* **DATA SHOWN**:
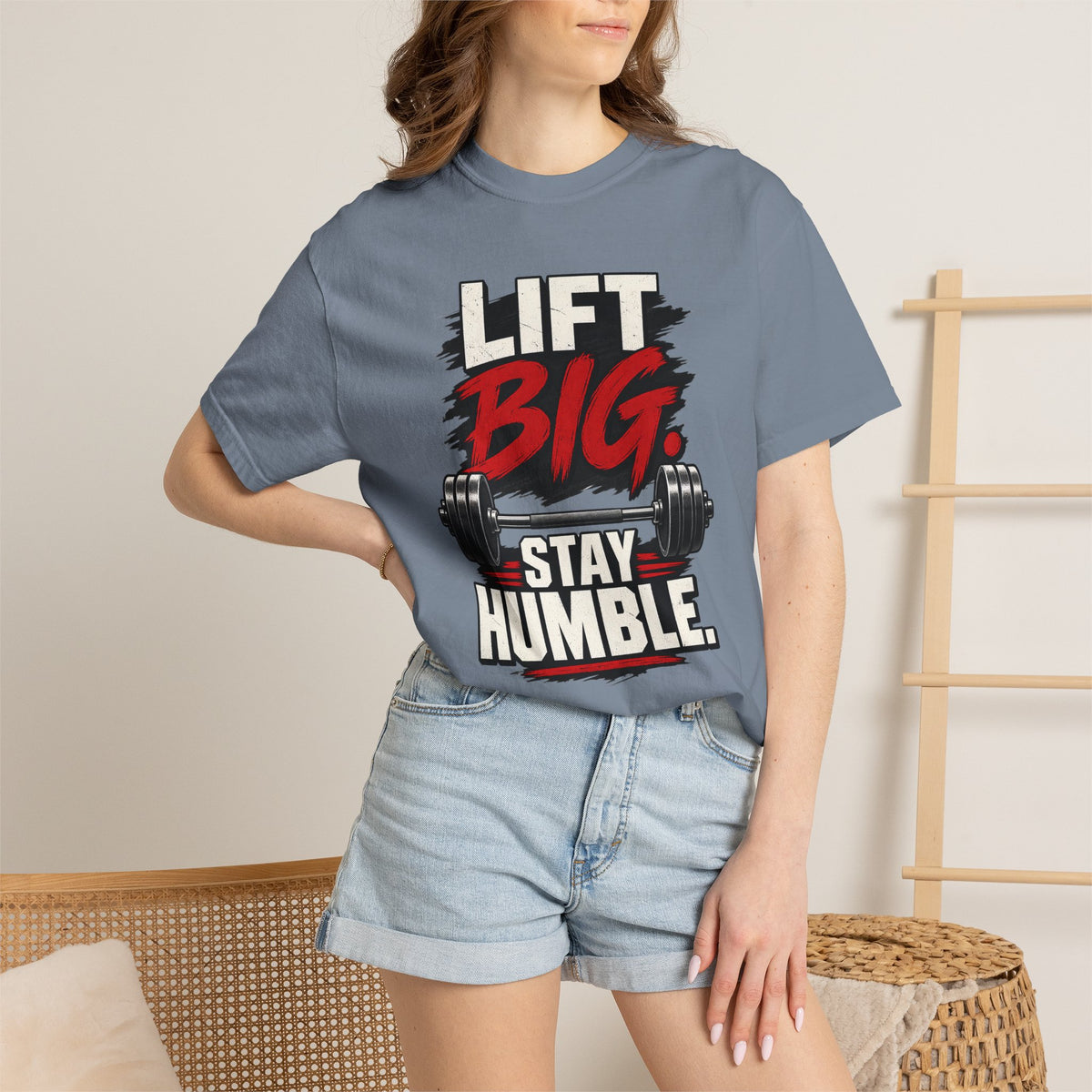 Lift Big Stay Humble TShirt Motivational Gym Workout Tee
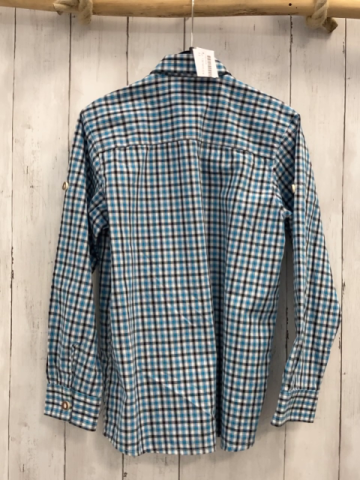   Hemd  Gr. 134/140  weiß türkis schwarz kariert Trachtenknöpfe 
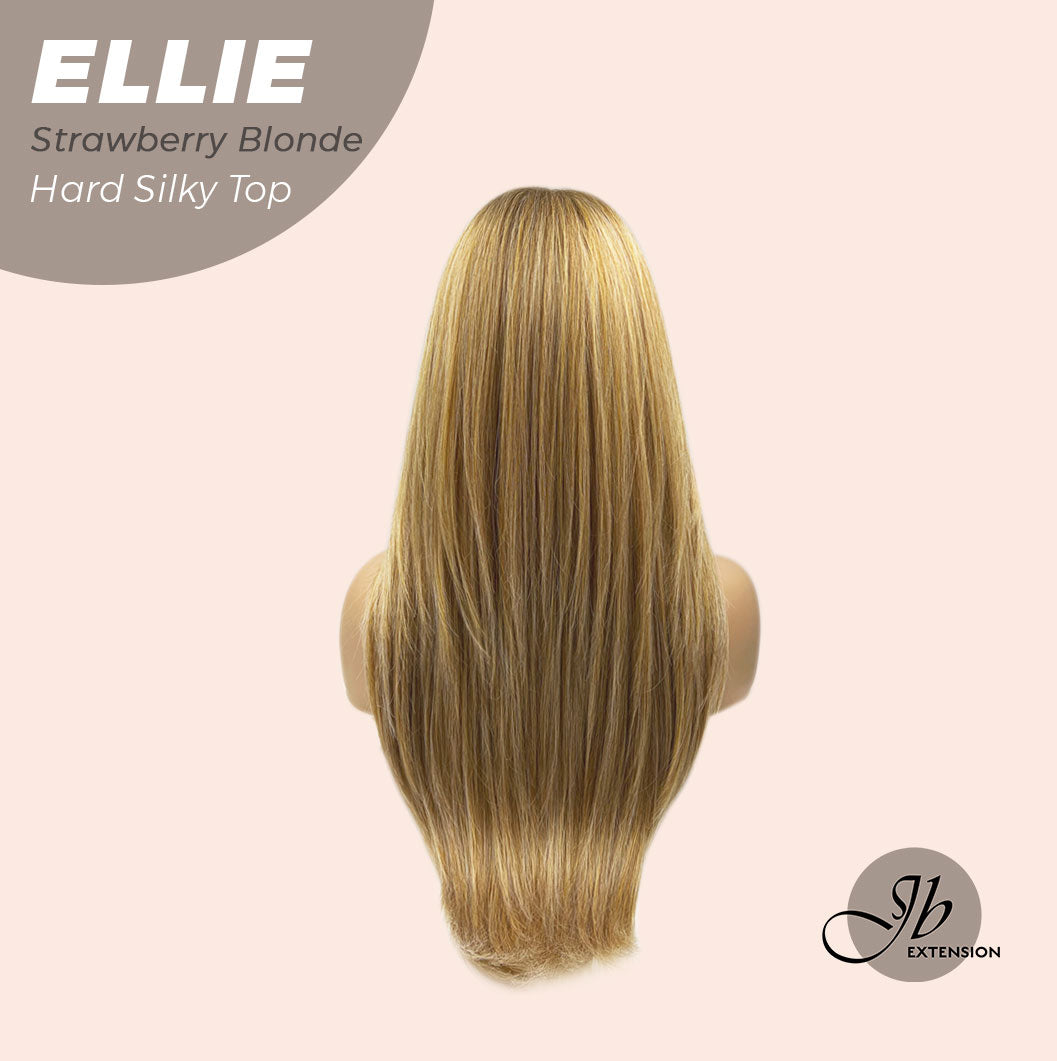JBEXTENSION 26 Inches Scalpiana Strawberry Blonde Wolf Cut 3.5X4 Hard Silky Top Natural Scalp Effect Wig With Bangs ELLIE STRAWBERRY BLONDE Silk Top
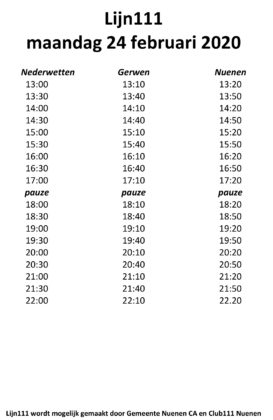 Lijn 111 haltetijden maandag 24 feb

* **TRY IT**:
Print each line above exactly as it appears, excluding all images.

* **EXPECTED ANSWER**:
 Lift Big Stay Humble TShirt Motivational Gym Workout Tee
   Hemd  Gr. 134/140  weiß türkis schwarz kariert Trachtenknöpfe 
JBEXTENSION 26 Inches Scalpiana Strawberry Blonde Wolf Cut 3.5X4 Hard Silky Top Natural Scalp Effect Wig With Bangs ELLIE STRAWBERRY BLONDE Silk Top
 Lijn 111 haltetijden maandag 24 feb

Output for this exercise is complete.